— WHAT TO DO —
Pull every line containing the word "Sweatshirt" from the records.

— DATA SUPPLIED —
....

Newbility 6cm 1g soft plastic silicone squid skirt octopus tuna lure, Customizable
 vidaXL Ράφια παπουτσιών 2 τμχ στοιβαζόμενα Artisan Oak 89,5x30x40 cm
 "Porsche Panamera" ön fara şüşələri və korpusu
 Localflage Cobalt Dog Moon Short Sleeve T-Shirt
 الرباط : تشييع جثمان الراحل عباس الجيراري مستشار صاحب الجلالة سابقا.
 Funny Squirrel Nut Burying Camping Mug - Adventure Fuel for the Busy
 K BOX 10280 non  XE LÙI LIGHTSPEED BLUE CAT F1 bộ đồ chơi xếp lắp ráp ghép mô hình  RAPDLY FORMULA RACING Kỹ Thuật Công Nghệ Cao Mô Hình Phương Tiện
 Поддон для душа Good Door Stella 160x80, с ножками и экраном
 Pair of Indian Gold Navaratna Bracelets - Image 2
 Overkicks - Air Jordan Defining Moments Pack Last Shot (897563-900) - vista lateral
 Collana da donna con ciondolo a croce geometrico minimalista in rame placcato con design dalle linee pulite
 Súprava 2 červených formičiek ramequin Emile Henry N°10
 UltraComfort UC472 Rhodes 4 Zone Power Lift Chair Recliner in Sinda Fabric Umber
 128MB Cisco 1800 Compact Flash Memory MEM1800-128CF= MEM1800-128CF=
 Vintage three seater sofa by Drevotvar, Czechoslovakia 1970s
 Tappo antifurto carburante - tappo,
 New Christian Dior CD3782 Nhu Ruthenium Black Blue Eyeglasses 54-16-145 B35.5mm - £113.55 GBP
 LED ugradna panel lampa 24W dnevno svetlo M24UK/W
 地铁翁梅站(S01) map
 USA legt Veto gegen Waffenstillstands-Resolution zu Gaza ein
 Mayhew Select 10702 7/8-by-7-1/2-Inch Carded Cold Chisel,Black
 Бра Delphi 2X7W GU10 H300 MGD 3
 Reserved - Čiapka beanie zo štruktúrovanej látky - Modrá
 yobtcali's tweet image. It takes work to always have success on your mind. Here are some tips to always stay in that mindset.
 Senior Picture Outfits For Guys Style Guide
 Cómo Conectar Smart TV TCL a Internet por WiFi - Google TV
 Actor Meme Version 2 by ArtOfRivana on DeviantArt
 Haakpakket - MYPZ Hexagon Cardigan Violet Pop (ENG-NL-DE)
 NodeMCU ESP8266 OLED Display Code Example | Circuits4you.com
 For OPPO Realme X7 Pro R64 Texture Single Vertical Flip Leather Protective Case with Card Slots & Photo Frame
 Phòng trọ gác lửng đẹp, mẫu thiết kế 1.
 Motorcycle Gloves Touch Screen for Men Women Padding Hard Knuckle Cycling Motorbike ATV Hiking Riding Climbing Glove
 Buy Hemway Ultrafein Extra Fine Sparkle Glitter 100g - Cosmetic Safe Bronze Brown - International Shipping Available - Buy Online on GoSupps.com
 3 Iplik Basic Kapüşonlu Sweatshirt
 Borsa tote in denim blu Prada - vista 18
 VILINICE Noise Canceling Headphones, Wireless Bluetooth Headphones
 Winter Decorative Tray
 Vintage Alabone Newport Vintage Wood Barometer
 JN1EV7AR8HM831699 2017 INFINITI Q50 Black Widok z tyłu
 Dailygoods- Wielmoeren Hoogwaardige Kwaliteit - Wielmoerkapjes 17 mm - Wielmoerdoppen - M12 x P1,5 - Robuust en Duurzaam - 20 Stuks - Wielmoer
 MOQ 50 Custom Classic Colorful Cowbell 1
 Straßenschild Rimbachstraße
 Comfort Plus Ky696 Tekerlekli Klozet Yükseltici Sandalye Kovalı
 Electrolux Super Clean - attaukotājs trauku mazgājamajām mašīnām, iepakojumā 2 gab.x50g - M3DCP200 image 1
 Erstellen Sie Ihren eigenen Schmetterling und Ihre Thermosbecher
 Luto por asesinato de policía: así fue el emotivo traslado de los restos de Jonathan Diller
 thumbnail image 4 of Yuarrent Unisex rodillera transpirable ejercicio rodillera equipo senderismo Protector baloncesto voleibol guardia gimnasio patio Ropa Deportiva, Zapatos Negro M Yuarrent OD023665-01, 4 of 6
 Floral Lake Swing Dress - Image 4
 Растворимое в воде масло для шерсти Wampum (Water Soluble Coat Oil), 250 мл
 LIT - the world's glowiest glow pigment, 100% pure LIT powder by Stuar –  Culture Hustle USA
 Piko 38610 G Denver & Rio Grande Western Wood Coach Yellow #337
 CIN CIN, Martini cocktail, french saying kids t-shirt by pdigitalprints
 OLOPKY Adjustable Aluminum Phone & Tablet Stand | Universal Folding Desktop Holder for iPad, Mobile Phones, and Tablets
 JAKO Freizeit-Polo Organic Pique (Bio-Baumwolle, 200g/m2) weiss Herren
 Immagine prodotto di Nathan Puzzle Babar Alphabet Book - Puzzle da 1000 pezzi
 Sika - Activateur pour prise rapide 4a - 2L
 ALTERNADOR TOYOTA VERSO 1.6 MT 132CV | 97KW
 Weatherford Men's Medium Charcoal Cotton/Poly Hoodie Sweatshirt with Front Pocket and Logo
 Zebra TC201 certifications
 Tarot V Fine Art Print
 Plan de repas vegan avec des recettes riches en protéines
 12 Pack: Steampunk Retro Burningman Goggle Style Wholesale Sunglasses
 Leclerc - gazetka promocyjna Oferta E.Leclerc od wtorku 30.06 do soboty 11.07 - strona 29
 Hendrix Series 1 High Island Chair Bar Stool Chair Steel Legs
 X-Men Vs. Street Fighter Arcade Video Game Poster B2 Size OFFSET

....

— RESPONSE FOR THIS EXERCISE —
 3 Iplik Basic Kapüşonlu Sweatshirt
 Weatherford Men's Medium Charcoal Cotton/Poly Hoodie Sweatshirt with Front Pocket and Logo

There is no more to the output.